## INFORMATION SUPPLIED

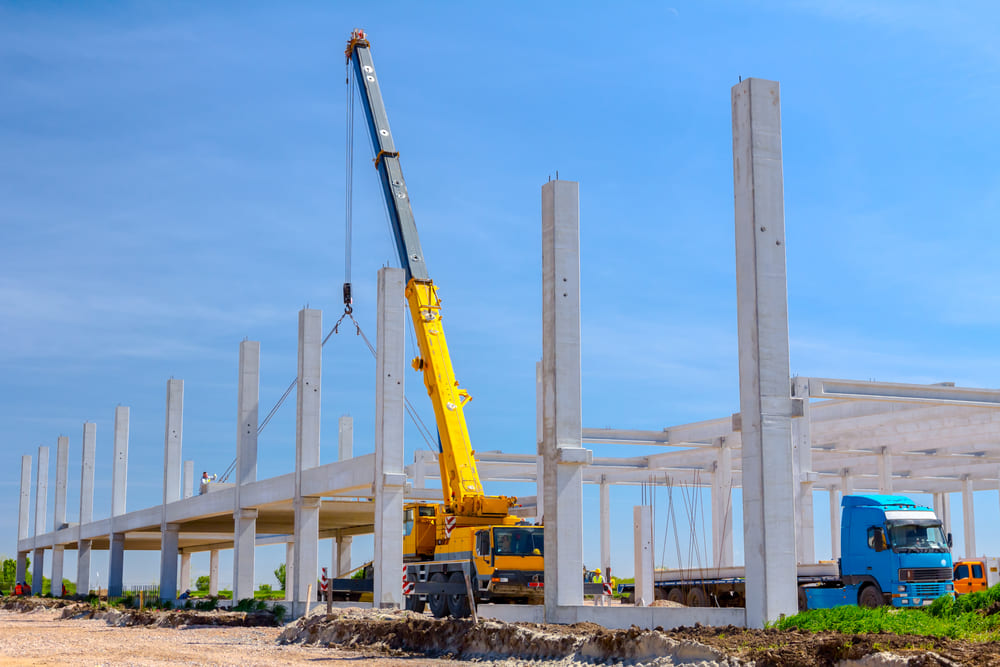 Grue en train de lever une poutre béton pour
poursuivre la construction d’un bâtiment industriel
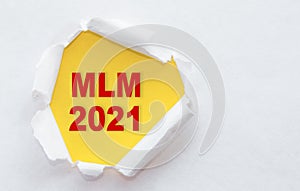 Top view of white  torn paper and text mlm - multilevel marketing on yellow background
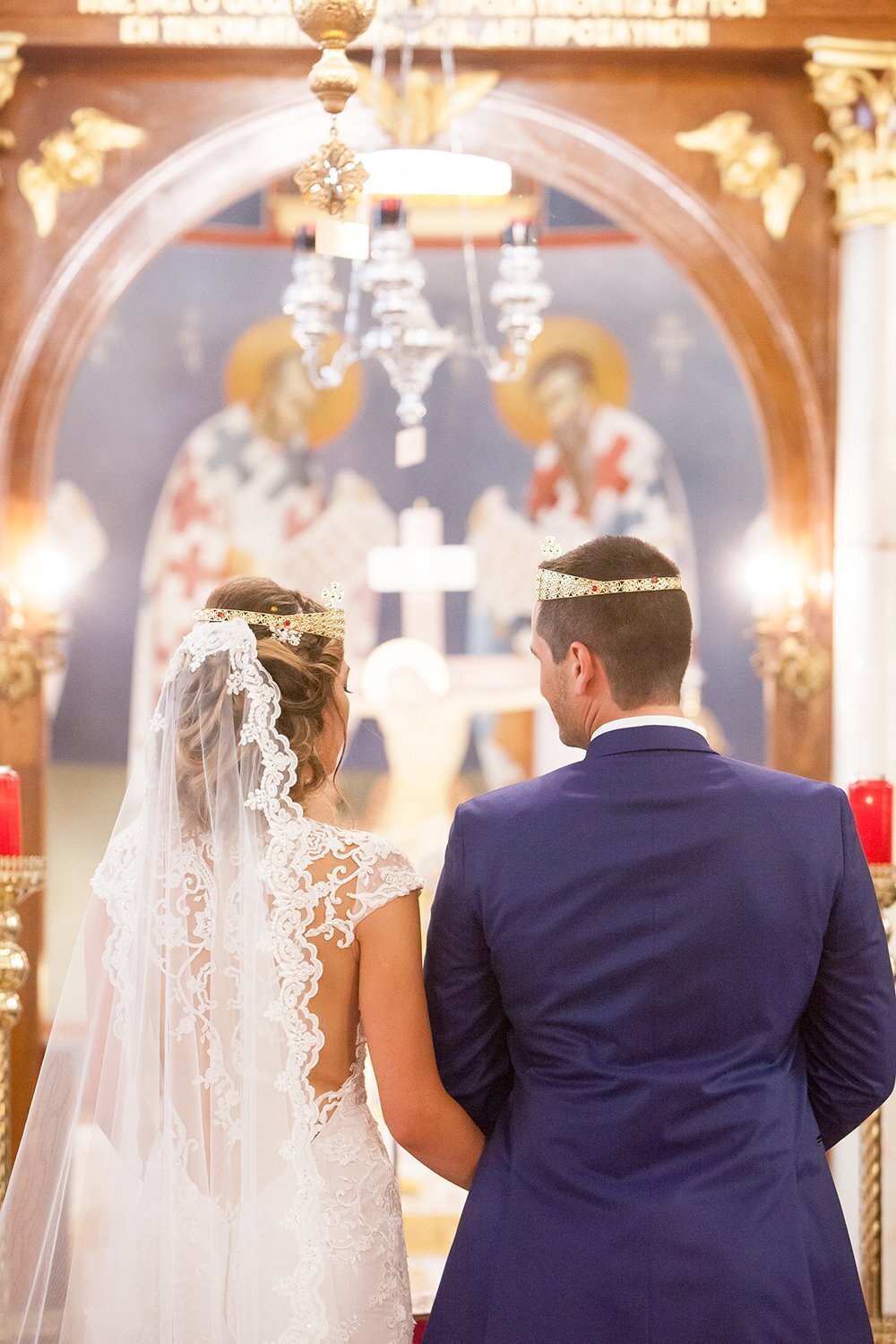 birde and groom wear crowns during their Greek Orthodox Wedding Ceremony in Columbus Ohio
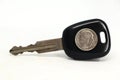 Car key with coin. Royalty Free Stock Photo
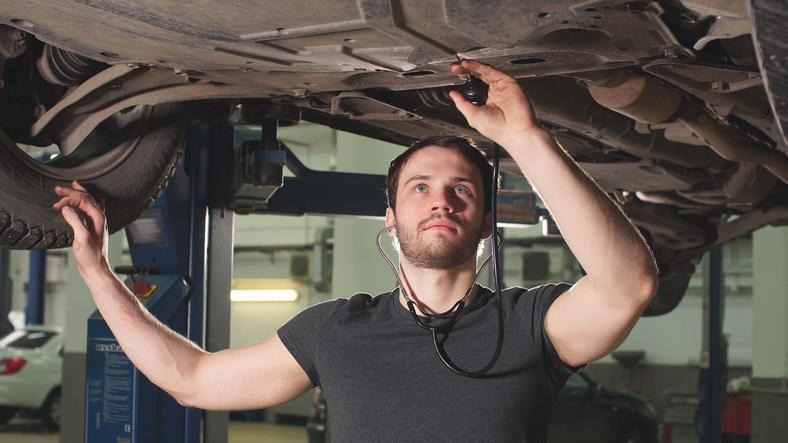 A technician diagnosing clicking noise when turning a vehicle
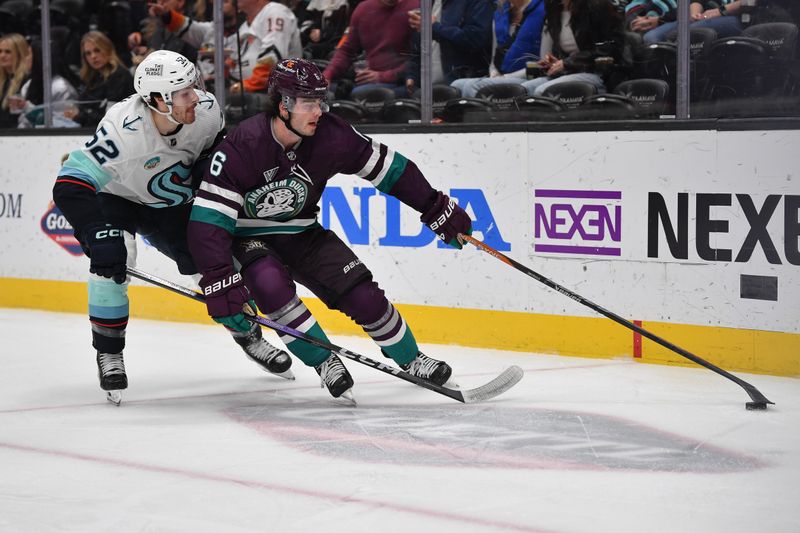 Dec 23, 2023; Anaheim, California, USA; Anaheim Ducks defenseman Jamie Drysdale (6) moves the puck against Seattle Kraken left wing Tye Kartye (52) during the first period at Honda Center. Mandatory Credit: Gary A. Vasquez-USA TODAY Sports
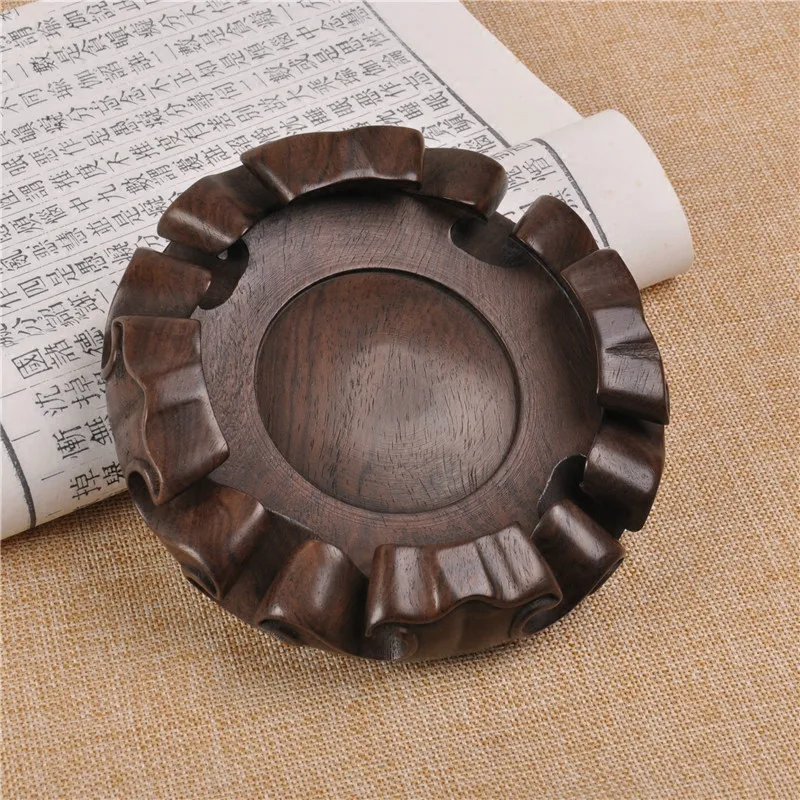 Черная основа из палисандра или эбенового дерева круглая для деревянных бревен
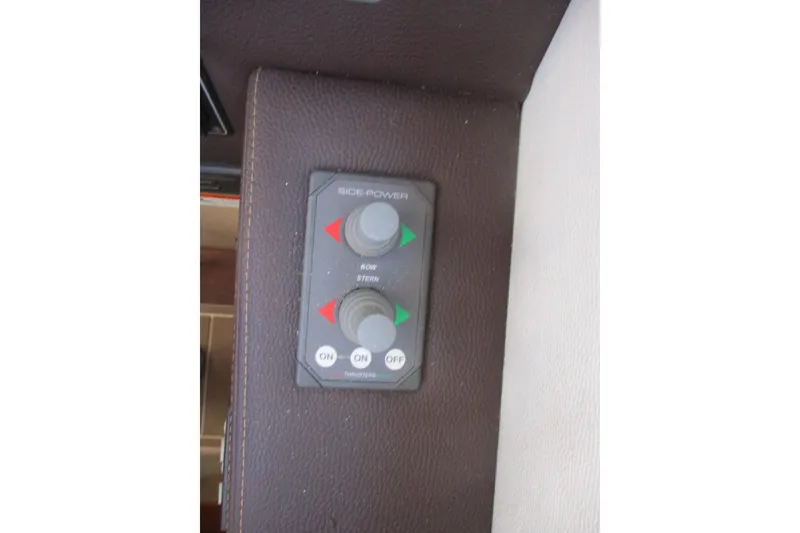 Slide: The Image of Control panel on 2015 Cutwater 30 Command Bridge LE boat, featuring bow and stern thruster controls. - 24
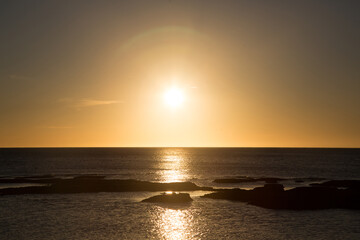 Fototapeta premium coastal scenery under the winter golden sunset.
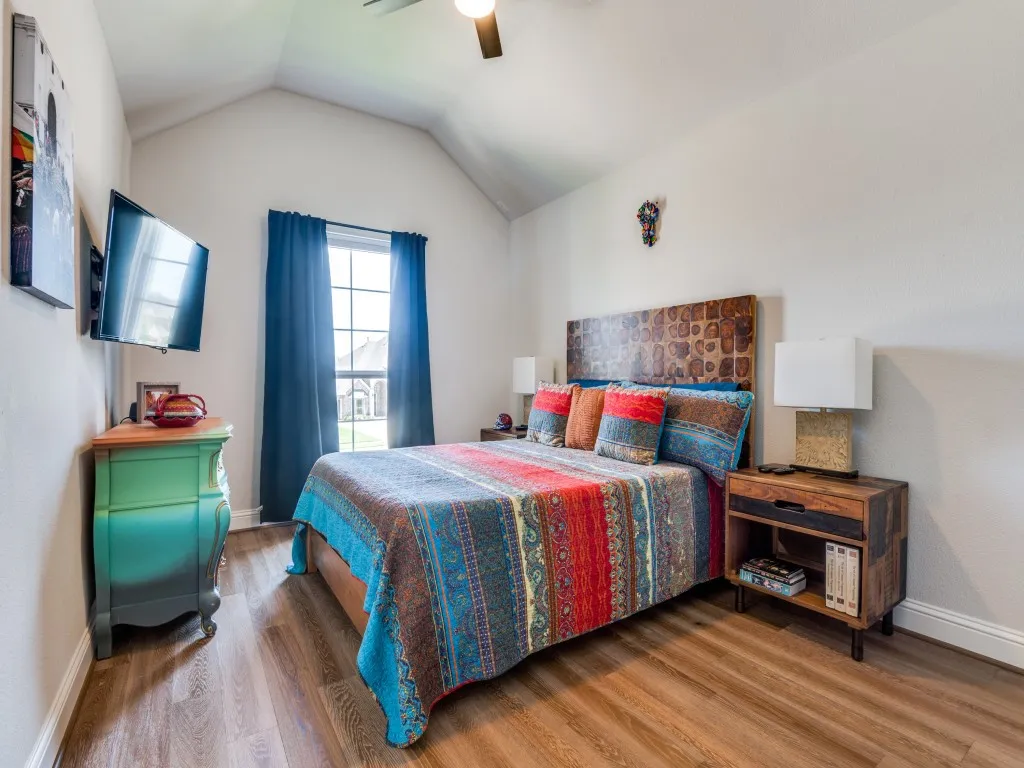 Bedroom featuring wood finished floors, lofted ceiling, and a ceiling fan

## DIRECTIONS FOR THIS TASK
When you output the listing, reproduce it exactly but drop its pictures.

## SOLVED EXERCISE
 Grue en train de lever une poutre béton pour
poursuivre la construction d’un bâtiment industriel
 Top view of white  torn paper and text mlm - multilevel marketing on yellow background
 birde and groom wear crowns during their Greek Orthodox Wedding Ceremony in Columbus Ohio
 Car key with coin. Royalty Free Stock Photo
 A technician diagnosing clicking noise when turning a vehicle
 Dec 23, 2023; Anaheim, California, USA; Anaheim Ducks defenseman Jamie Drysdale (6) moves the puck against Seattle Kraken left wing Tye Kartye (52) during the first period at Honda Center. Mandatory Credit: Gary A. Vasquez-USA TODAY Sports
 Черная основа из палисандра или эбенового дерева круглая для деревянных бревен
 Slide: The Image of Control panel on 2015 Cutwater 30 Command Bridge LE boat, featuring bow and stern thruster controls. - 24
 Fototapeta premium coastal scenery under the winter golden sunset.
 Bedroom featuring wood finished floors, lofted ceiling, and a ceiling fan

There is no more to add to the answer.